#### [Problem description]
Once you have located the line containing "Cross Country Grandpa" in the material below, return it exactly along with each line after it through the line containing "Power Bank WiWU".

#### [Entries supplied]

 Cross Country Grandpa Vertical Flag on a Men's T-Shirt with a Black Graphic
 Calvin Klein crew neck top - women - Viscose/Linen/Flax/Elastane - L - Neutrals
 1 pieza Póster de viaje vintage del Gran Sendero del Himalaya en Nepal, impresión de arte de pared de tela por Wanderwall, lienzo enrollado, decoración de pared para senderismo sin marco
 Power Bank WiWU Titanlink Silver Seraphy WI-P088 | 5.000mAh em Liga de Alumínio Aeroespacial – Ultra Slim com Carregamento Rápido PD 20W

--

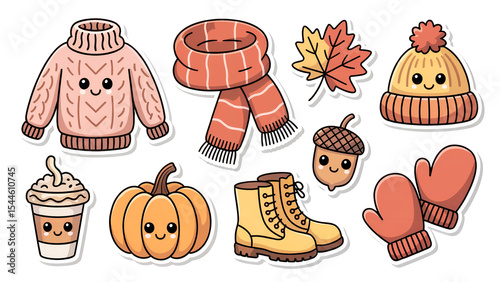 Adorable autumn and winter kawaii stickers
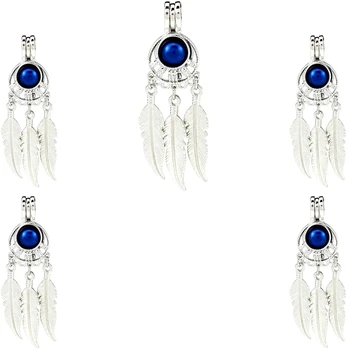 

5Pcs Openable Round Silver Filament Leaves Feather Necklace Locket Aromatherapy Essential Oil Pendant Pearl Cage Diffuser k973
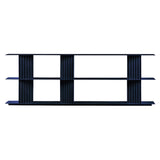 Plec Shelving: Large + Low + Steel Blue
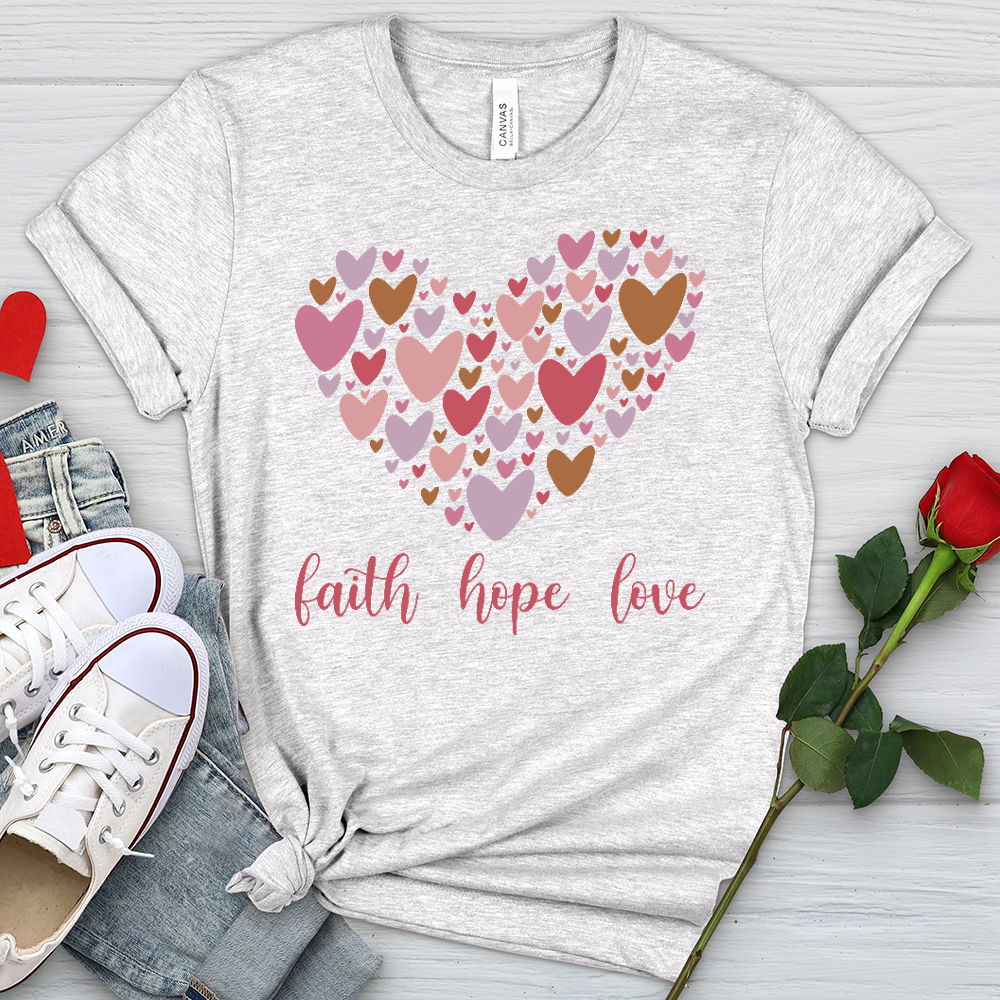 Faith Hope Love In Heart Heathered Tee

...

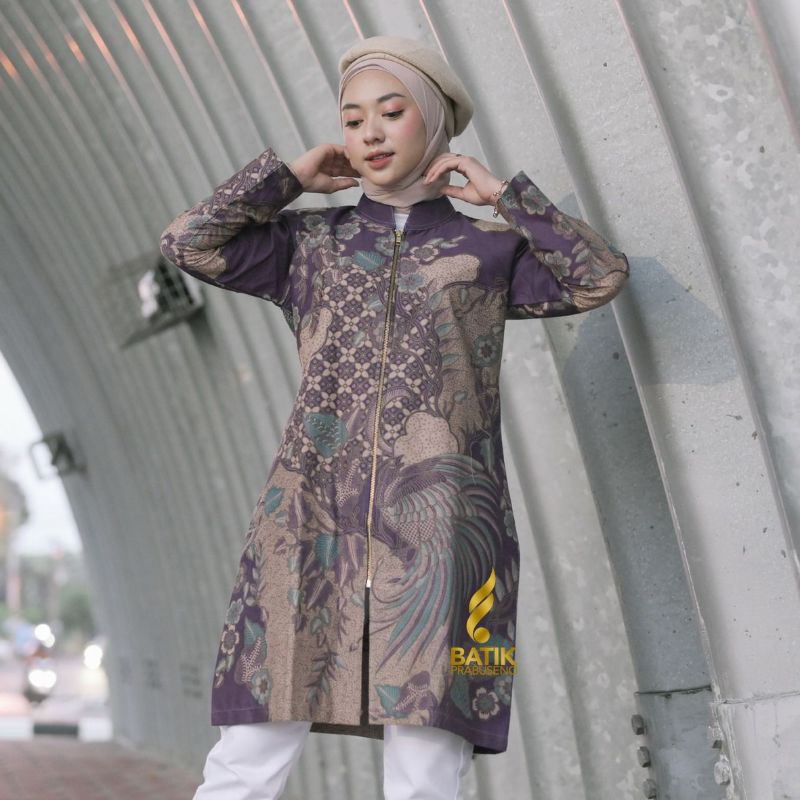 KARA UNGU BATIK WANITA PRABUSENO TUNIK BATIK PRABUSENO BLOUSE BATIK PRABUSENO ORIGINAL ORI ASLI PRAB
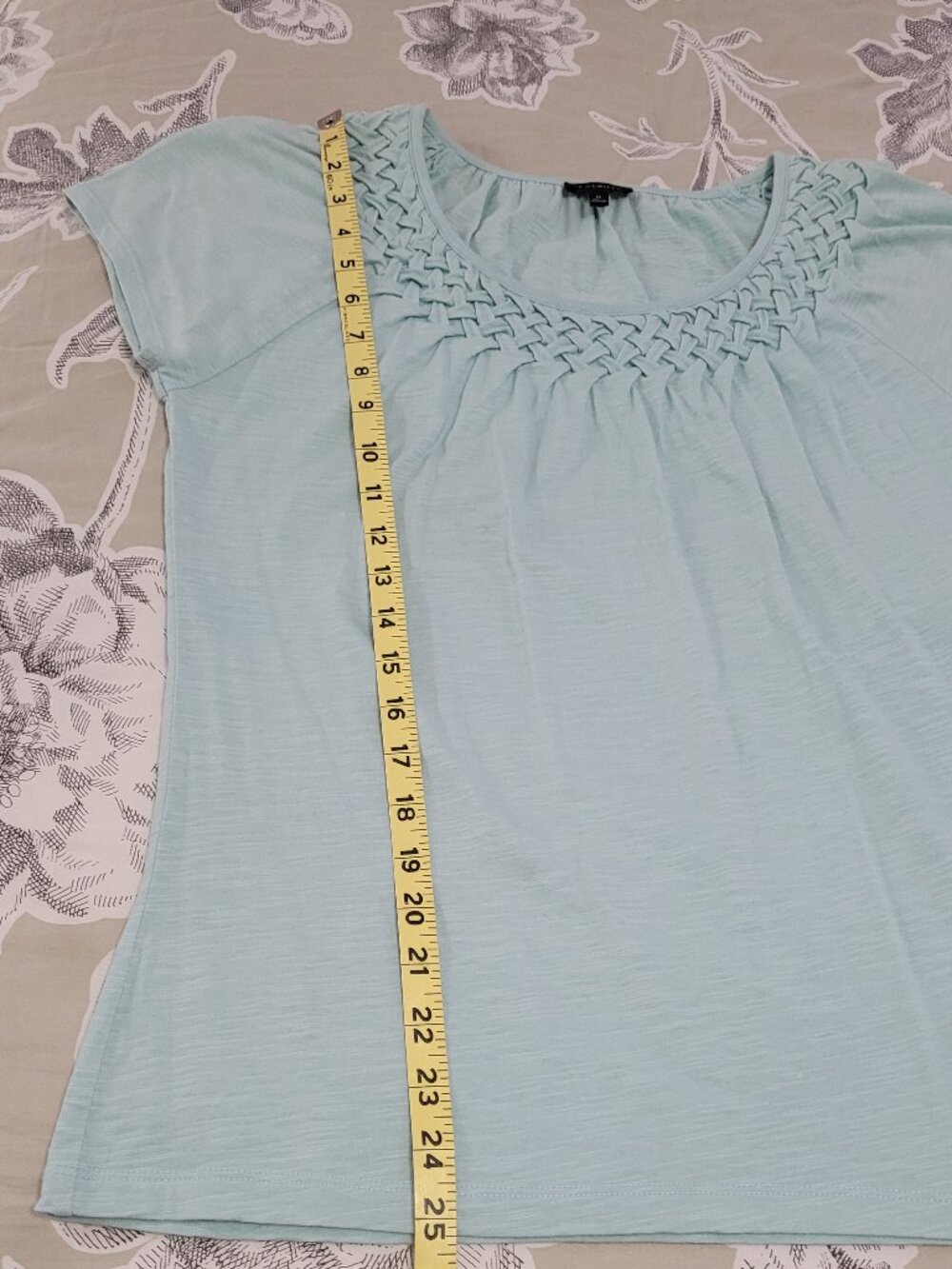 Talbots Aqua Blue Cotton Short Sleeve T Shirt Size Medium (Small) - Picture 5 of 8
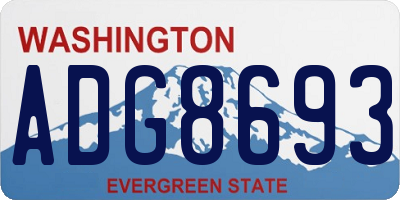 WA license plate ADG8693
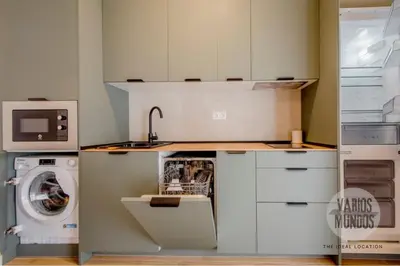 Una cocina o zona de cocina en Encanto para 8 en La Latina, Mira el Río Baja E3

#### [Result for this exercise]
 Cross Country Grandpa Vertical Flag on a Men's T-Shirt with a Black Graphic
 Calvin Klein crew neck top - women - Viscose/Linen/Flax/Elastane - L - Neutrals
 1 pieza Póster de viaje vintage del Gran Sendero del Himalaya en Nepal, impresión de arte de pared de tela por Wanderwall, lienzo enrollado, decoración de pared para senderismo sin marco
 Power Bank WiWU Titanlink Silver Seraphy WI-P088 | 5.000mAh em Liga de Alumínio Aeroespacial – Ultra Slim com Carregamento Rápido PD 20W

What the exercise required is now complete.